Prerequisites BLOCKED on

  • AZ-591 landed first: compose_root per-binary bootstrap so c1_vio:okvis2 is registered + reachable.
  • Linux CI runner image with apt deps: GitHub Actions ubuntu-latest has most deps but not libbrisk-dev / libdbow2-dev; may require a custom runner image or apt install of dependencies plus a self-built brisk/dbow2.
  • Jetson hardware: for AC-9 honest-covariance validation against Derkachi-class fixtures.
  • DBoW2 vocab decision: vendor in-repo (option 5a) vs. fetch at CI time (option 5b).
  • Eigen pin alignment: confirm GTSAM + OKVIS2 use compatible Eigen versions; vendor Eigen under cpp/_third_party/eigen/ if not.

Scope notes

  • This task as written exceeds the user's 5pt PBI complexity rule.
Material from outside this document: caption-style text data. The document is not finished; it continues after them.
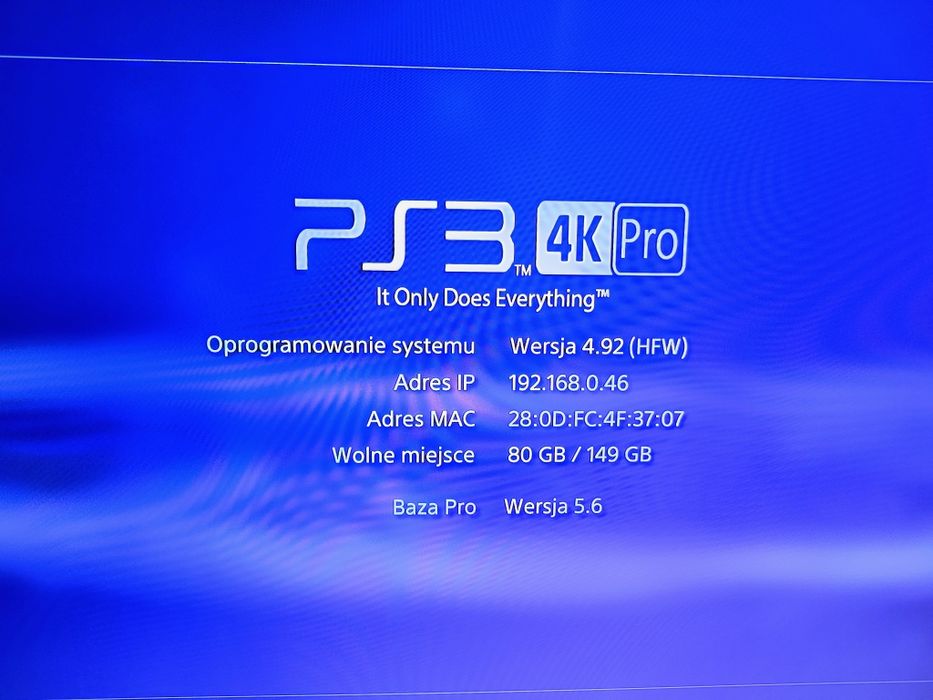 Playstation 3 Slim przerobiona  HFW 4.92 HEN 4K PRO MOD zestaw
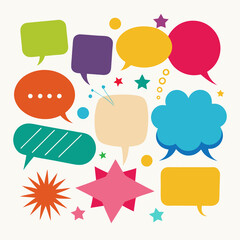Colorful speech bubbles and design elements (1)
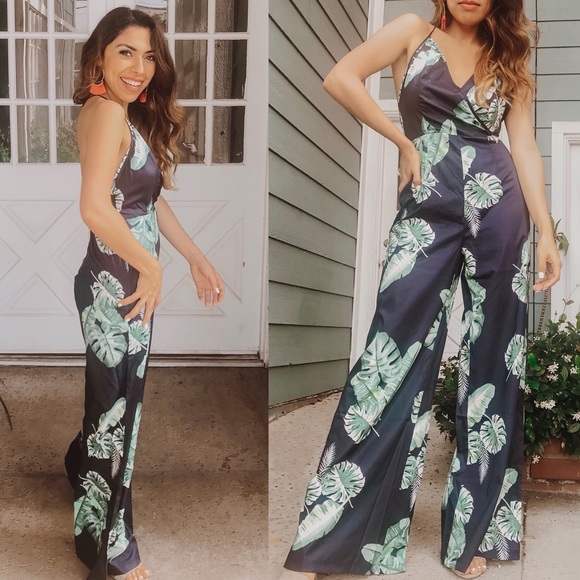 Pants - Leaf print jumpsuit Pants - Leaf print jumpsuit
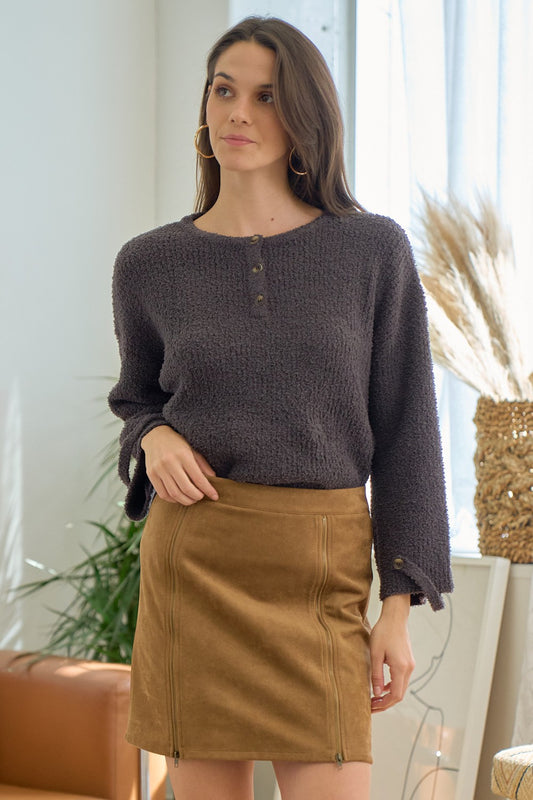 HENLEY SWEATER WITH STRAP DETAIL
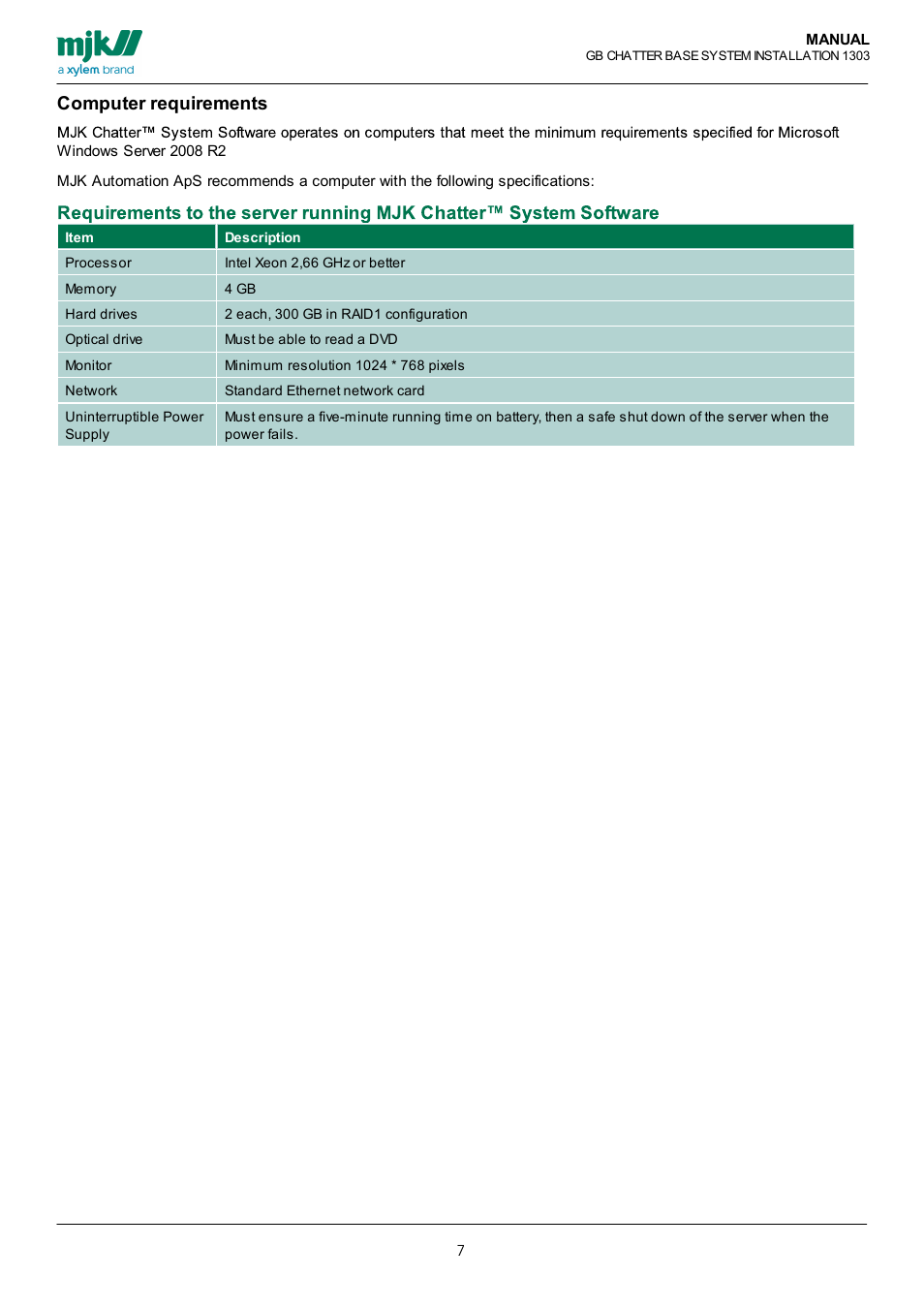 Computer requirements | Xylem CHATTER Base System install guide User Manual | Page 7 / 79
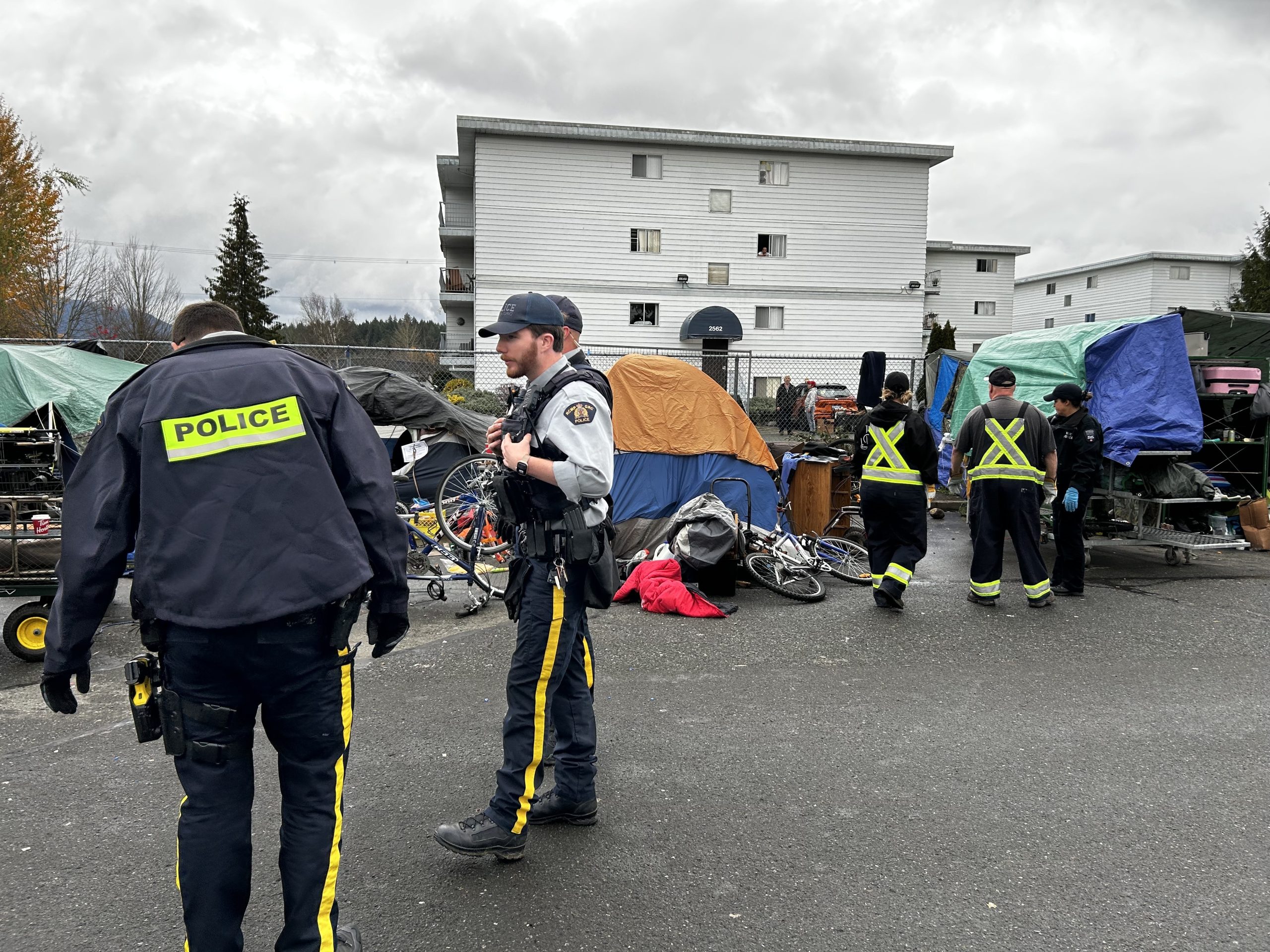 North Cowichan Bylaw and RCMP were onsite at the Lewis Street encampment during the sweep.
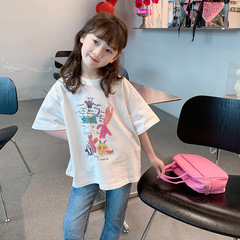 Children's Short Sleeve T-Shirt 2023 New Spring Outfit Korean Style Loose Base Shirt Baby Spring and Summer Outfit Trendy Top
It is filed as a placeholder. When Tier-2 work actually starts, split into:
    • AZ-592a — C++ binding rewrite + CMake (3pt; assumes CI dep install handled externally)
    • AZ-592b — Linux CI dep install + DBoW2 vocab artifact (2pt)
    • AZ-592c — Jetson hardware validation against Derkachi-class fixtures (5pt; runs IT-12 fixtures with covariance honesty assertions)
    • Plus the upstream-patch decision (cpp/okvis2/patches/expose_covariance.patch) as its own ADR addendum if needed.

Notes

  • Coordinate with AZ-593 (VINS-Mono Tier-2 sibling) on shared Eigen / Ceres pin work.
  • Upstream OKVIS2 README documents the apt deps explicitly; copy that list verbatim into the CI workflow comment.
  • The skeleton binding's OkvisFatalException("OKVIS2 estimator not yet wired — this binding is the AZ-332 skeleton") is the deliberate fail-loud surface. Replace it with the real ThreadedSlam calls; do NOT keep a fallback "estimator_built_ = false" branch.
  • The Implementation Notes (2026-05-12, batch 23) block in _docs/02_tasks/done/AZ-332_c1_okvis2_strategy.md documents the original deferral rationale. Keep it intact for audit; this task discharges that contract.